We are on the Bay of Skaill on the west coast of Orkney Mainland, largest of the Orkney islands. The Atlantic Ocean laps up on the beach only a few yards away. The landscape is flat, tree-less, and very green. Here the site of Skara Brae, probably the best-preserved Neolithic village in all of Europe, provides a glimpse into how people in this bleak northern corner of Scotland lived in the prehistoric period.

It’s an unusual-looking archaeological site, vaguely reminiscent of a honeycomb. That’s because the houses are half above ground and half underground, deliberately built into a midden – a pile of domestic refuse made of organic remains, discarded shells and bones, ashes, and animal dung that eventually develops a clay-like consistency. The chilling wind gives us a clue as to why they would use such an unusual building technique: it weather-proofed their houses and provided insulation against the cold and rain.

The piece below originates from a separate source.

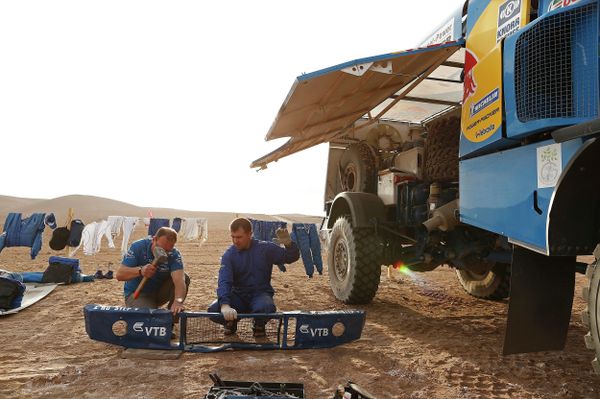 Team KAMAZ-master Navigate the 2015 Dakar Rally - Sputnik International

We walk along a path that takes us around and through the site, and allows us a look down into the dwellings, seven one-room stone houses built of layers of flat sandstone. Connected by a covered passageway, one could have gone from house to house without venturing out in the weather.  The roofs of the houses are missing, which suggests they were made of timber and turf, but much of buildings and furniture remains remarkably well-preserved.

All the houses have the same basic plan: a low doorway leading into the chamber; on the walls to the left and the right of the door are stone box beds; on the wall opposite the door are stone shelves archaeologists call the “dresser;” in front of the dresser is a stone seat; a hearth at the center of the room would have provided heat and light.

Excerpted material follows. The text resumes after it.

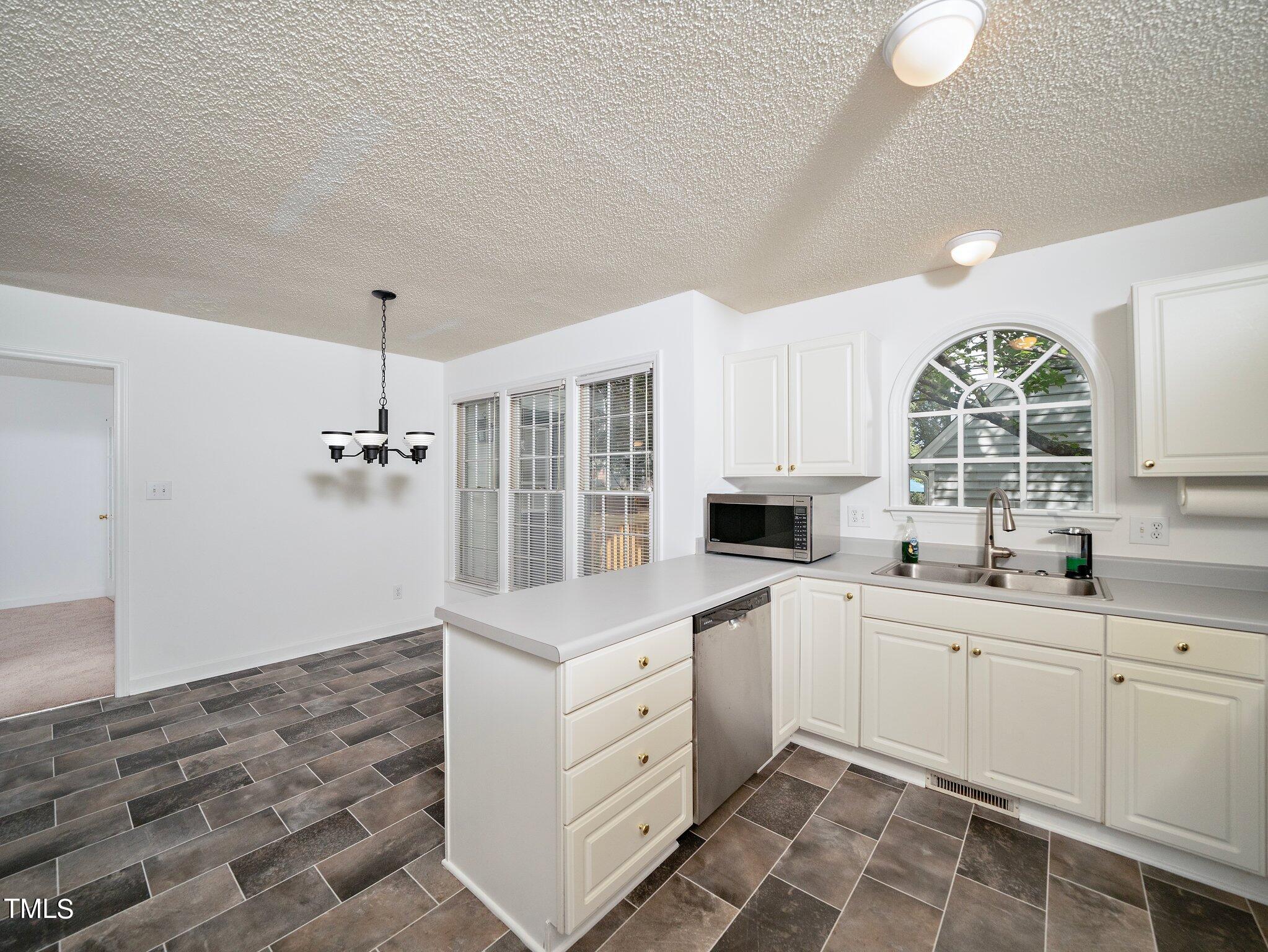 4621 Easthampton Drive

Most of what survives does so because it’s made of stone. We have to use our imagination to fill out the picture of life here ca. 2500 BC. The houses would have been dark and smoky, but also warm and snug. Animal skins piled on the beds and perhaps also draped around a canopy over them would have helped keep the inhabitants warm. Perhaps bracken or other plants were used to create soft mattresses.

People first settled at Skara Brae about 3100 BC and lived here for some six hundred years. Archaeologists know that there are in fact two villages at on the site. The later village is the one we see. At least two houses of the earlier period remain, but more of the earlier village can’t be excavated without digging through the later houses.

After the site was abandoned, it was gradually buried in sand. But a massive storm in the mid-nineteenth century uncovered the ruins and excited the interest of the local landowner. Since then excavations of the site have provide us with a glimpse into the lifestyles of people who lived and died thousands of years ago.